At 1002, Miss Cynthia Axe interviewed each nerd to register their preferred method of severance. Some chose to get termination via sms and others preferred to hear a rumor about severance and quit on their own.

At 1020, our German CFO Herr Krebbs checked their level of discipline unt order. 

At 1029, each candidate had an interview with me to ensure their absolute alignment with the meaning of HR business partnership, and their ability to grovel.
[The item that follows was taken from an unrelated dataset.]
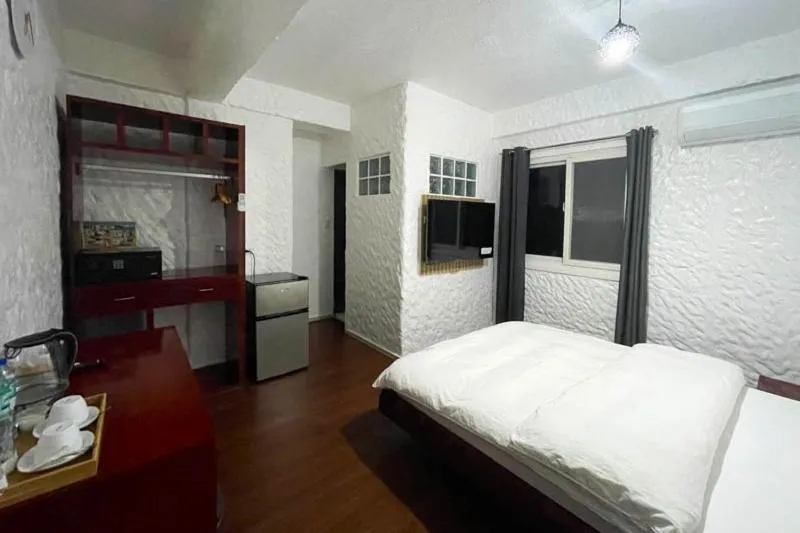 Photo of the whole room, Bed in Montani Beach Resort Puerto Galera powered by Cocotel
We welcome Sanjay, Sanjay, Svetlana and Svetlana to our team! 
Hugh White and new technology

Tuesday 15 March 2016

Herr Krebbs speaks out



21st century Carl

The CEO of one of our remaining key clients appeared before our senior leadership team today by video. The client CEO had grey hair, white skin and spoke perfect English, which made us worry.
He claimed that not only did our new product not function to spec, but it also caused a decrease in his revenues! "You all better shape up, or I will ruin you", was how the apparently  vexed CEO ended his comments, which was non wow if you ask me.

CEO Stan thanked the client for his "useful input" and the client dropped off the line. Stan texted me "I wish I had seen that free webinar you had offered me on anger management".

Comrade Carl Marks, our chief nerd, asked for permission to "retort to the clients' bigoted claims" . Stan nodded in agreement and Carl took out a megaphone, always a dangerous sign. 
                                           
Denmark Room 
                                              
"This client needs to move into the 21st century. In the 20th century, what you saw is what you got; in the 21st century this is no longer the case".

Stan muttered under his breath, "Fucking Comrade Carl has flipped out again". And Comrade Carl continued. "This client thinks like an American or European post modern aristocrat who  worries about customer satisfaction, user experience and other bourgeois accouterments. This is passe, kibinimat. Our product is a pearl; both our hardware and software platform serve as a launch pad for inter-operability, cloud integration and the internet of things".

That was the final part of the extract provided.